Local Gone Missing by Fiona Barton
6/14/22; 384 pages
Penguin Publishing Group
Local Gone Missing by Fiona Barton is a highly recommended procedural/mystery.
Housecleaner Dee Eastwood shows up to clean the caravan where Pauline and Charlie Perry are living while purportedly restoring the crumbling estate Tall Trees when it is discovered Charlie (73 years-old) has disappeared. Seventeen days earlier Charlie had visited his daughter Birdie in the residential care facility where she lives due to brain damage caused during a burglary twenty years earlier. Charlie is six months behind in paying for Birdie's care, but Pauline objects to spending money on her care. Charlie's disappearance occurs on the first night that a large musical festival is being held in Ebbing where two teens overdose on drugs.

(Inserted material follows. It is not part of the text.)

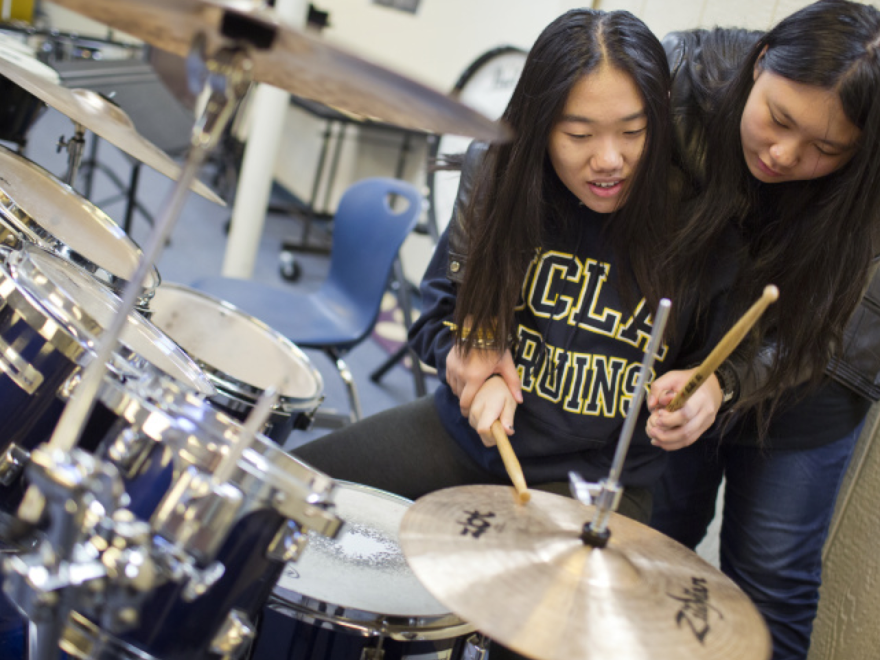 Seventeen-year-old Amber Zhang learns to play drums from freshman Ashley Li at Arroyo Pacific Academy in Arcadia.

Elise King is a detective who is on medical leave who observes all the rising tensions in her community. She also employees Dee, who sees and knows many secrets, but keeps he mouth closed. When a man disappears and the teens overdose on the first night of the festival, Elise starts her own investigation with assistance from her friend Ronnie. Due to what she has already discovered, her DCI then asks her to come back to work on the case in the Major Crimes team. Elise uncovers a whole lot of information and secrets swirling through Ebbing.
The complicated plot switches back and forth between characters and
alternates between the present and days in the past leading up to the
present day. At first the quick pace may be a bit of an information and
character overload as a plethora of facts and names are quickly
introduced into the plot, but stick with it and soon information,
secrets, and people will start to sort themselves out and form a larger
picture.
Elise is an appealing character and it is compelling when she starts looking into what is going on in Ebbing. The novel was more appealing once it takes a clear direction toward being a procedural. It presents us with a satisfying investigation as more evidence is uncovered and pieces of the puzzle are put together. There are many characters who have some relationship or information about Charlie and others. This results in plenty of clues and suspects provided along the way and numerous subplots that sometimes left me struggling to keep interested in the overall story. 3.5 rounded up.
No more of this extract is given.